MapleGrasp: Mask-guided Feature Pooling for Language-driven Efficient Robotic Grasping
Journal:
arXiv
Published Date:
Jun 6, 2025
Abstract
Robotic manipulation of unseen objects via natural language commands remains
challenging. Language driven robotic grasping (LDRG) predicts stable grasp
poses from natural language queries and RGB-D images. Here we introduce
Mask-guided feature pooling, a lightweight enhancement to existing LDRG
methods. Our approach employs a two-stage training strategy: first, a
vision-language model generates feature maps from CLIP-fused embeddings, which
are upsampled and weighted by text embeddings to produce segmentation masks.

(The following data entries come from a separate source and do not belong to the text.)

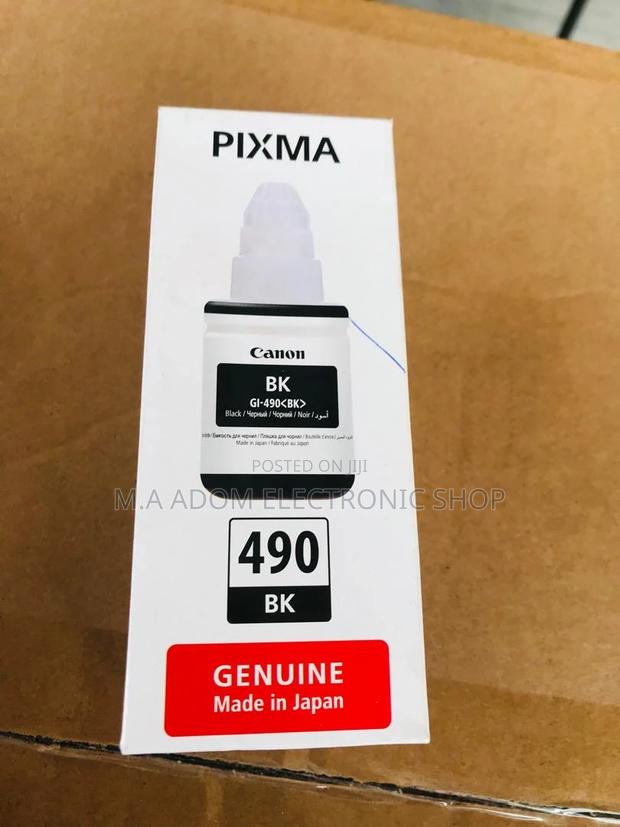 Canon GI-590 Ink Bottles · Photo 1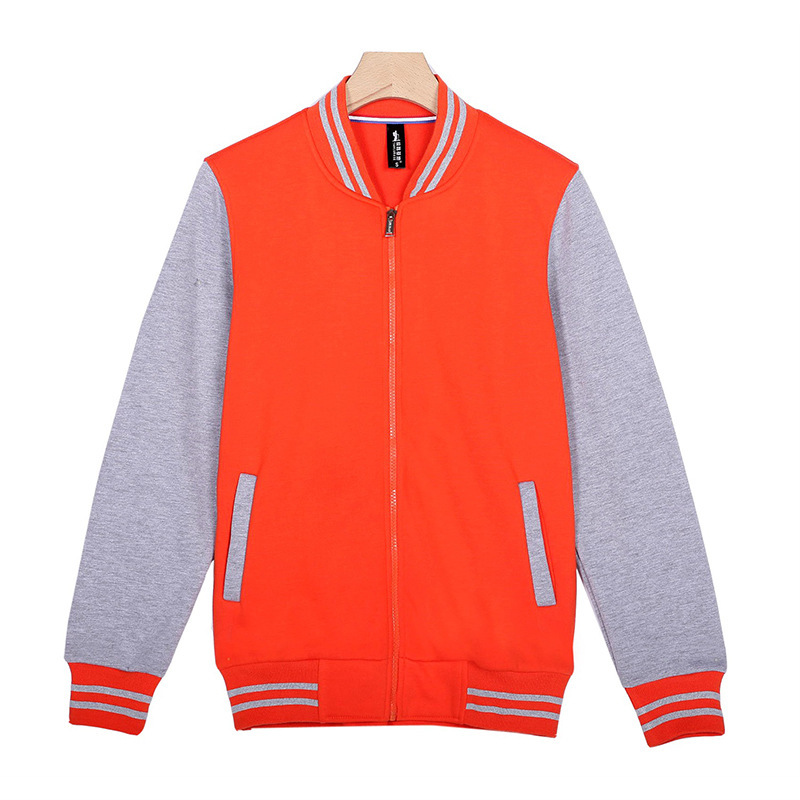Orange and gray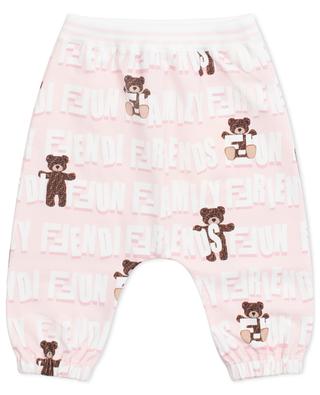 Fendi Bear Fun baby sweat trousers FENDI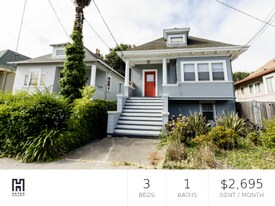 459 36th St in Oakland, CA - Building Photo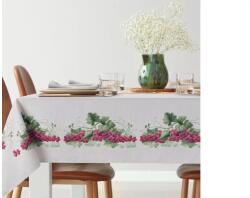 EUROFIRANY Summer4 szőlős asztalterítő Natúr 140x180 cm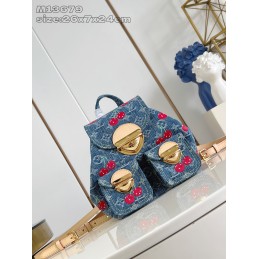 X TM Venice NM Monogram Denim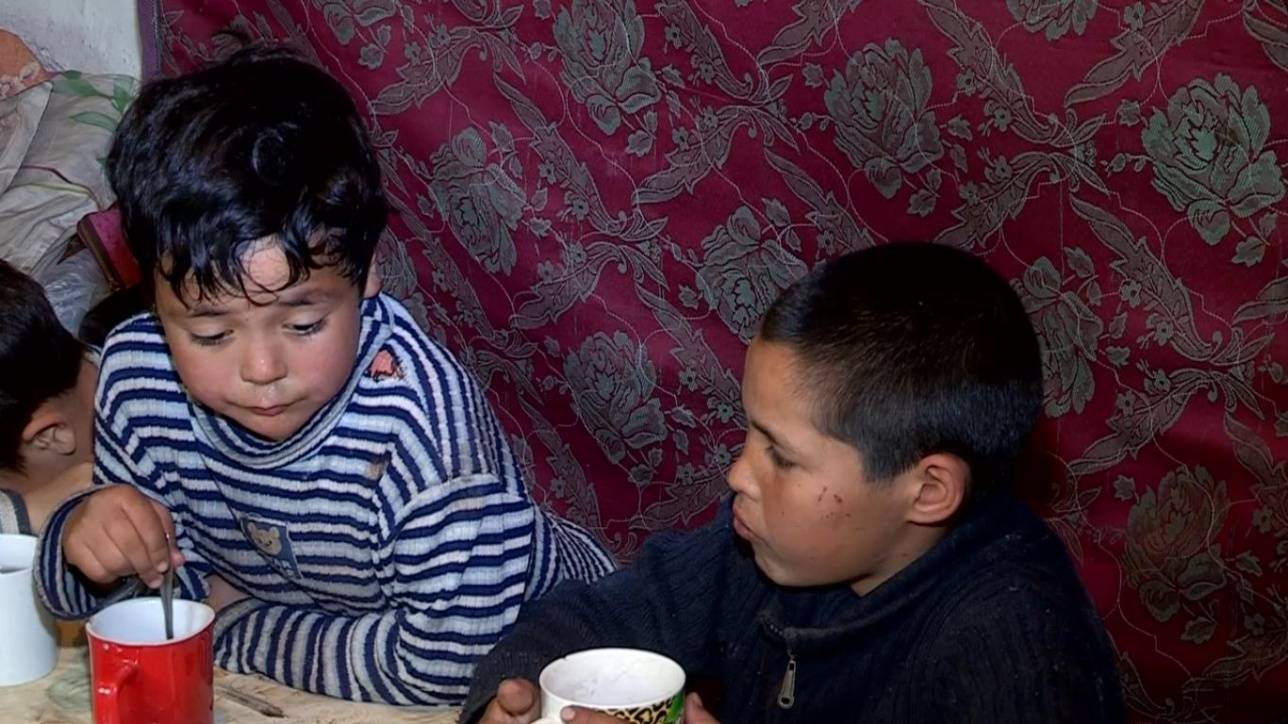 У Дильбар шестеро детей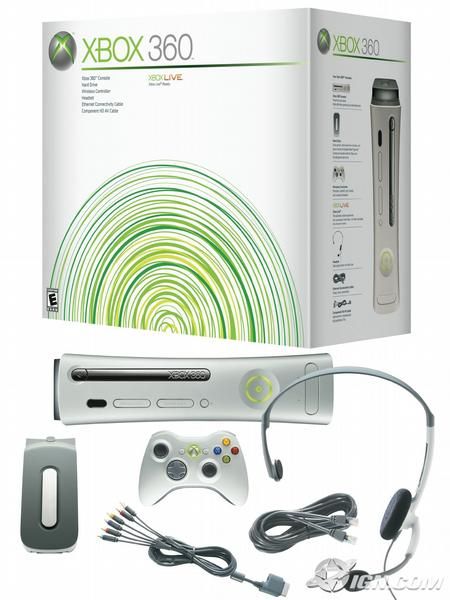 Consola Xbox 360 20gb con un lector actualizado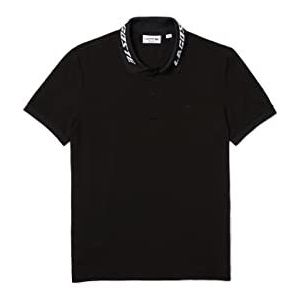 Lacoste Ph9642 Poloshirt voor heren, zwart.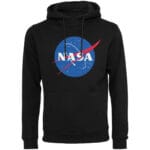 Hanorac Mister Tee Nasa Negru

Next, the decoder generates separate feature maps for grasp prediction, pooling
only token features within these masked regions to efficiently predict grasp
poses. This targeted pooling approach reduces computational complexity,
accelerating both training and inference. Incorporating mask pooling results in
a 12% improvement over prior approaches on the OCID-VLG benchmark. Furthermore,
we introduce RefGraspNet, an open-source dataset eight times larger than
existing alternatives, significantly enhancing model generalization for
open-vocabulary grasping. By extending 2D grasp predictions to 3D via depth
mapping and inverse kinematics, our modular method achieves performance
comparable to recent Vision-Language-Action (VLA) models on the LIBERO
simulation benchmark, with improved generalization across different task
suites. Real-world experiments on a 7 DoF Franka robotic arm demonstrate a 57%
success rate with unseen objects, surpassing competitive baselines by 7%. Code
will be released post publication.